Martinez v. Davis Polk & Wardwell LLP
713 F. App'x 53
| 2d Cir. | 2017Background
- Plaintiff Eunice Martinez, a Hispanic non-managerial employee at Davis Polk & Wardwell LLP (DPW), sued for race discrimination and retaliation under Title VII, § 1981, and NYSHRL after allegedly receiving lower raises and being denied a managerial upgrade.
- District Court granted summary judgment for DPW on all claims; Martinez appealed. The Second Circuit affirmed.
- Martinez alleged two discrimination theories: (1) lower salary raises for Hispanic employees vs. non-Hispanic coworkers, and (2) failure to upgrade her Managing Editor role to a managerial position because of race.
- Martinez also alleged retaliation after filing an EEOC charge: reduced raises and exclusion from meetings.
- DPW produced evidence that Martinez’s duties were administrative/clerical, not managerial, and documented performance issues—especially time/project management—over several years.

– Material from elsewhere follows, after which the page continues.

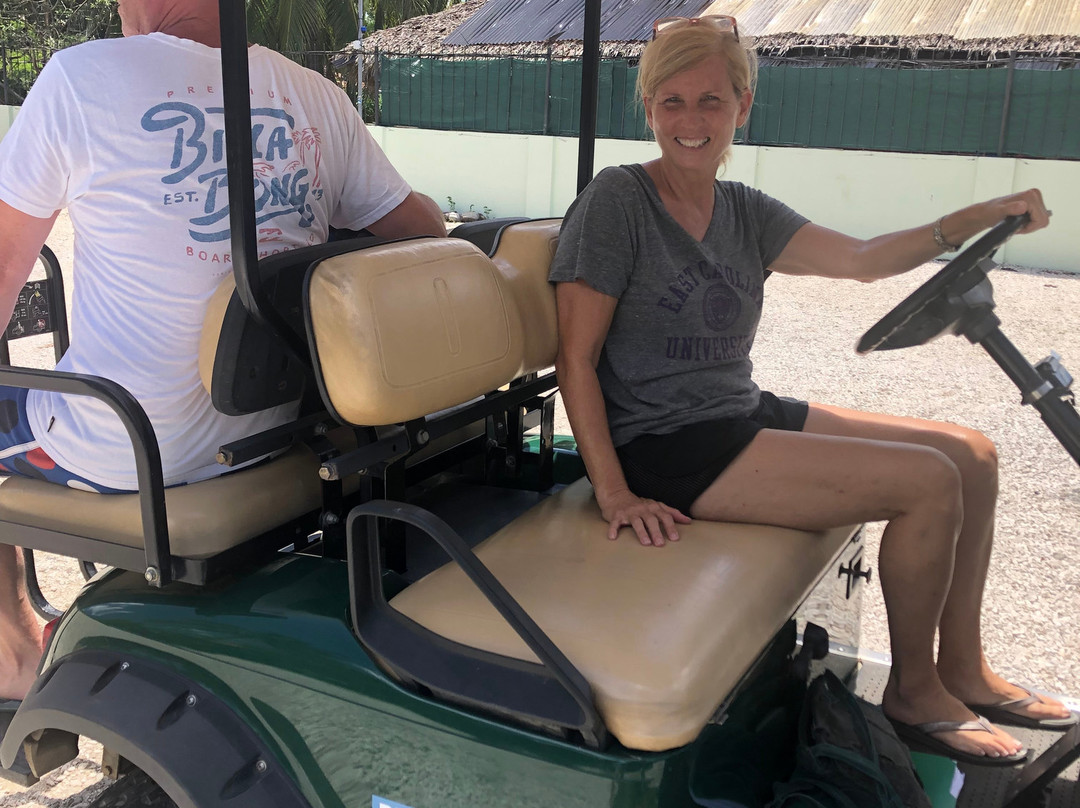 Rent a Golf Cart Costa Rica-波特雷罗必去景点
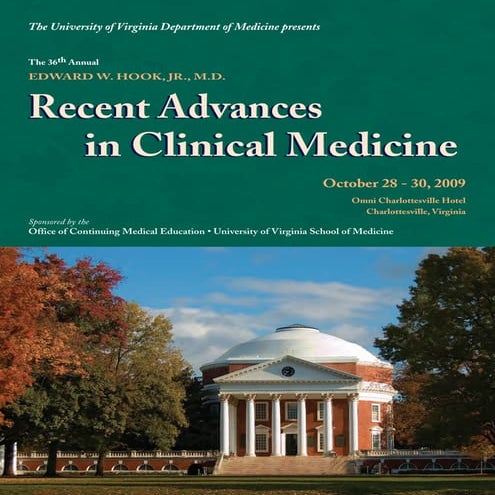 RACM 09 brochure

- The court found Martinez failed to establish prima facie discrimination or retaliation and that she offered no adequate evidence of pretext.
Issues
| Issue | Plaintiff's Argument | Defendant's Argument | Held |
|---|---|---|---|
| Pay discrimination (unequal raises) | Martinez: Hispanic employees received smaller percentage raises than non-Hispanic coworkers | DPW: Comparators do not perform substantially equal work; Martinez earned among highest salaries and sometimes exceeded others' raises | Held: No prima facie case; Martinez conceded her job was unique and comparators unequal, and record did not show systematic lower raises |
| Failure to upgrade position (promotion) | Martinez: Hispanic non-managers were not upgraded while some non-Hispanics were; her duties warranted upgrade | DPW: Position was administrative/clerical and managers cited performance deficiencies; legitimate business judgment | Held: No prima facie showing and, even if assumed, DPW offered nondiscriminatory reasons which Martinez failed to show were pretextual |
| Retaliation after EEOC filing | Martinez: After EEOC charge, raises reduced and meeting invitations stopped — temporal proximity shows causation | DPW: Actions were continuation/result of long-standing performance concerns predating EEOC filing | Held: No causal connection; adverse actions were part of gradual, pre-existing employment actions beginning years earlier |
| Pretext standard at summary judgment | Martinez: Employer's stated reasons were pretext for discrimination/retaliation | DPW: Provided documented, nondiscriminatory reasons (performance reviews, job duties) | Held: Martinez failed to present sufficient evidence that DPW’s reasons were false or that discrimination/retaliation was more likely than not the real reason |
Key Cases Cited
- Tolbert v. Smith, 790 F.3d 427 (2d Cir. 2015) (standard for de novo review of summary judgment and construing inferences against movant)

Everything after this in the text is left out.